Is the gun semi automatic or not?
So you flaunt your willingness to break the law while contemplating new laws on otherwise law abiding folks. A very classy move I must say.
By your statement, I am guessing that you do have a beef with it actually. If you want to open a thread questioning hunters and what they do, feel free. I can assure you however that I do not like to see anything that I hunt suffer needlessly.
Exactly. I can guarantee that I could get off a second shot just as quick with my Fox Sterlingworth as I could with a semiauto Benelli.
The speed in which a followup shot is available is determined by the action.

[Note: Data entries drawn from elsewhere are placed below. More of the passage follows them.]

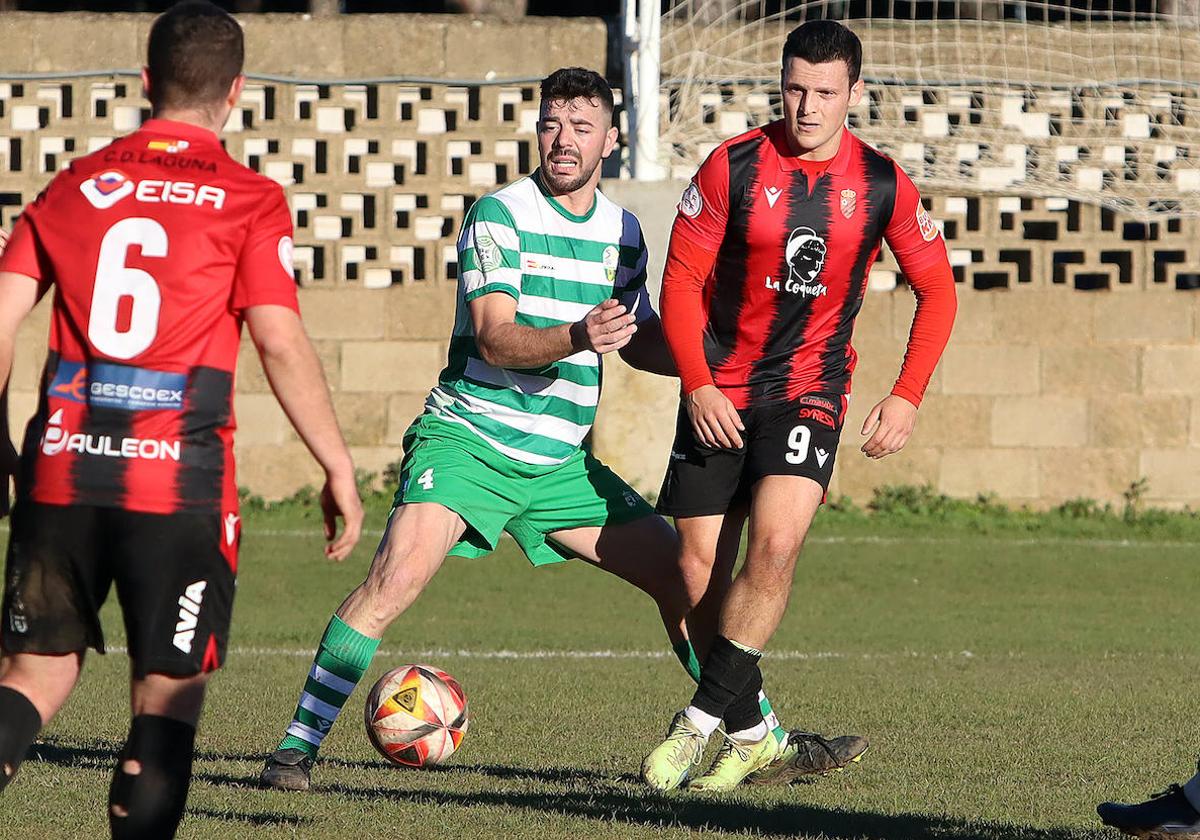 Un lance del partido entre La Virgen y el Laguna de la pasada temporada.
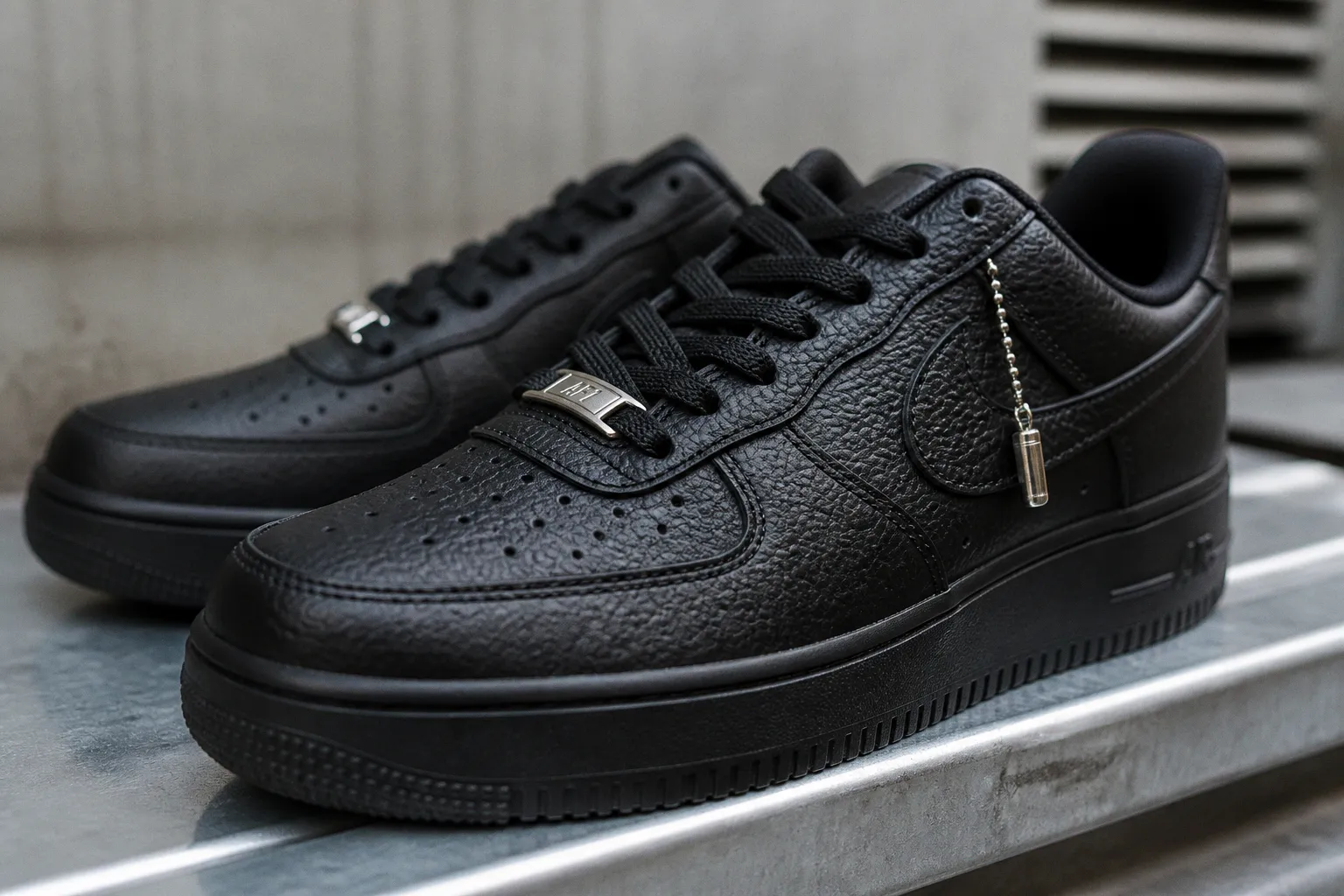 Nike Air Force 1 LX Black : le défi logistique des finitions métalliques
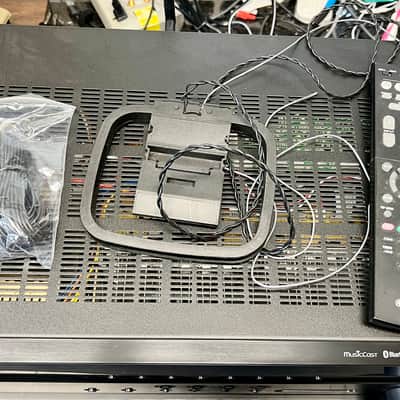 Yamaha TSR-5790 7.2-Ch Wi-Fi,BT,MusicCast,AirPlay Receiver w/ Remote, Set-Up Mic, AM/FM Antennas; Tested image 4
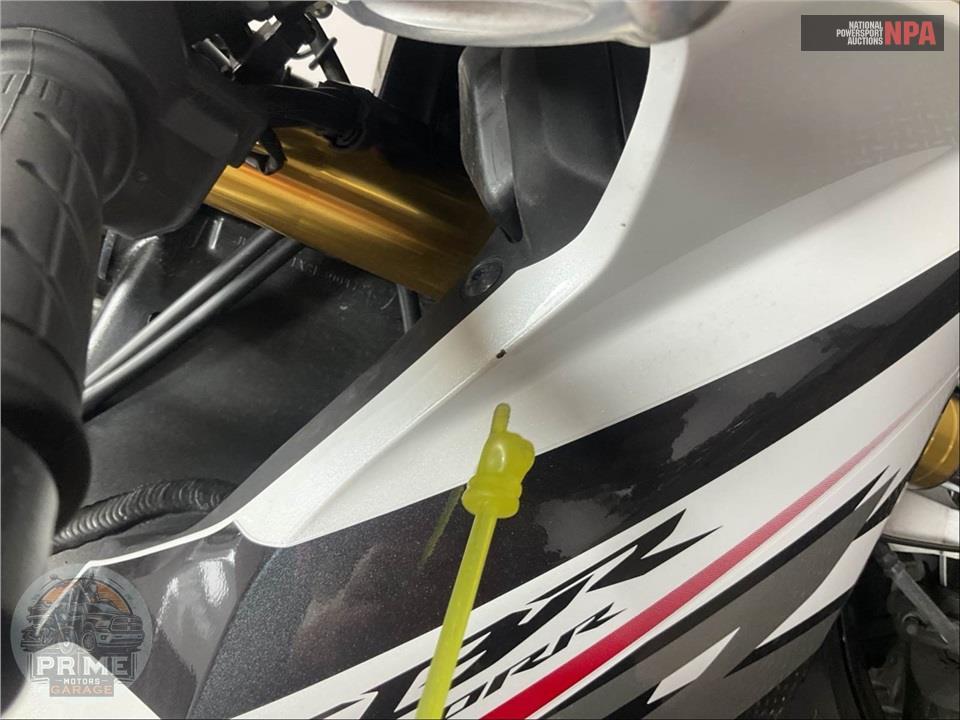 2025 Honda CBR1000RR — фото 13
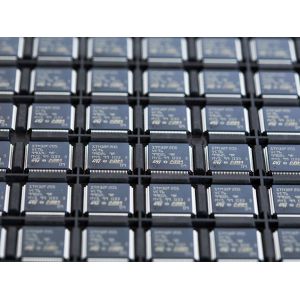 STMicroelectronics STM8L152R8T6 memory Ic Chip 8L152R8T6 Pro Mini Microcontrolle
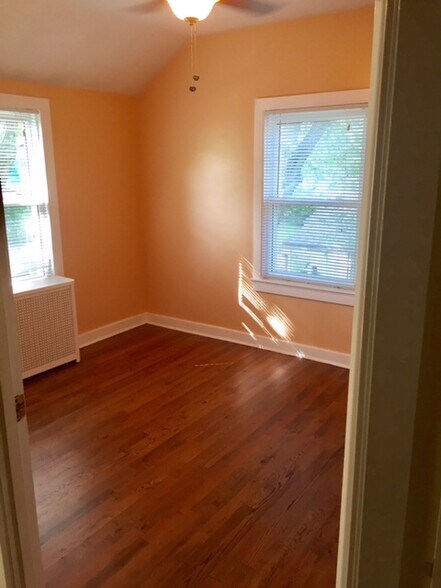 Building Photo - 28 Greenlawn Dr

The number of bullets one can fire in a given amount of time is determined by how many will fit in the magazine.
To which are you complaining about? Or is it both? Or guns in general?
No reply to me, Burton?
Well, to start with, revolver action is impractical in a rifle. The higher pressure makes the poorer seal an issue.
Secondly, the need not to reload means that you will not have to move when shooting. Thus, you can shoot five or six things without having to shift your aim. Reloading generally requires movement, which disrupts a sight picture.
Thirdly, what delay between shots would you find appropriate? Ten seconds? A minute? How would you enforce this in a reliable manner?
Semi-automatic weapons operate by making one bullet reload the next. They fire as fast as they do because it is simplest and easiest to do so.
Do you actually know anything about guns?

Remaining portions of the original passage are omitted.